You used to scarf those off with a big Gas Axe with a curved tip, so the cutting oxygen jet was parallel to the surface. Hit the Oxygen lever, and the offending material starts to disappear at a rapid rate, and rather neatly if you had the technique down.
I watched a Maestro clean up the old weld from the baseplate of a light post, and then we chopped off the bottom three inches of the post where it rusted out and welded it back together again. (I putz around, but when it's structural work I let someone who welds all day and has the certs to prove it do the work.) And lots of Zinc Rich Primer before painting.
Wonder if they make curved tips for plasma cutters...? (Miller says to use the "extended" or "gouge" tips.)
Not sure how that metallurgical mix would react to mechanical cutting. Were it me, I'd just take a cutting torch to it. Realize you will probably have some blowback from scale on the inside of the wall, and cut it at an angle rather than 90 deg. to the pipe. At an axis parallel to a line drawn through the center. That way, you will just bounce off the scale, and actually get a prettier cut. Watch out for the drops. That stuff is heavy. I used to work on oil rigs.

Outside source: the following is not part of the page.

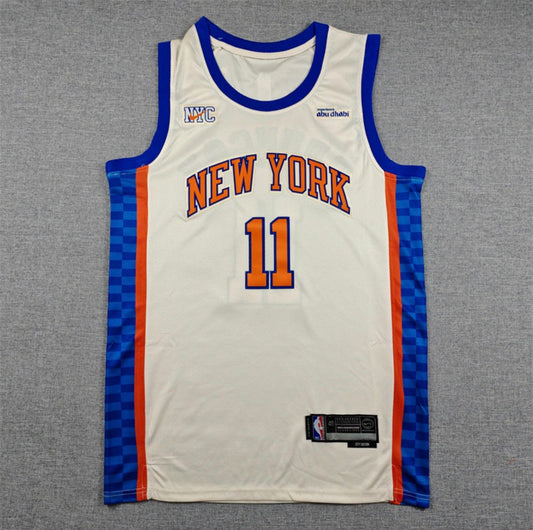 Jalen Brunson Checker Side Panel New York Knicks Jersey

That would be some kind of coolant. I recently discovered a spray can product made by Union Butterfield which works great and is very portable. It's basically a drilling fluid but it would work fine for keeping a sawzall blade cool too.
I think you should try cutting this with a torch. You might nick the parent pipe a little, but you will rapidly learn and gain confidence. It should be an order of magnitude faster than a sawzall.
If you don't have the torch and you do have the sawzall, a decent inverter and your pickup or car will work out fine. I've had best results with cutting steel with sawzalls if I drip a bit of oil into the cut. My brother the electrican put a 2KW inverter in his service truck to avoid having to bring his 5kw generator out to the job site. Uncle has a
1.5KW inverter with anderson powerpole connectors so he can connect to his truck battery to run the elevation motor on our band mill.
I'm a wimp, only have a 300 watt in my car connected by cigaratte lighter socket to run camera, laptop, and battery chargers on trips. Figure out what your saw needs and double it for startup as a minimum
-- "Additionally as a security officer, I carry a gun to protect government officials but my life isn't worth protecting at home in their eyes." Dick Anthony Heller
My gut reaction is that this will not work in a lathe. I think it will only work if this is a very stiff pipe (think short pipe) and you turn it down very slowly to avoid the tool jamming against the protrusion.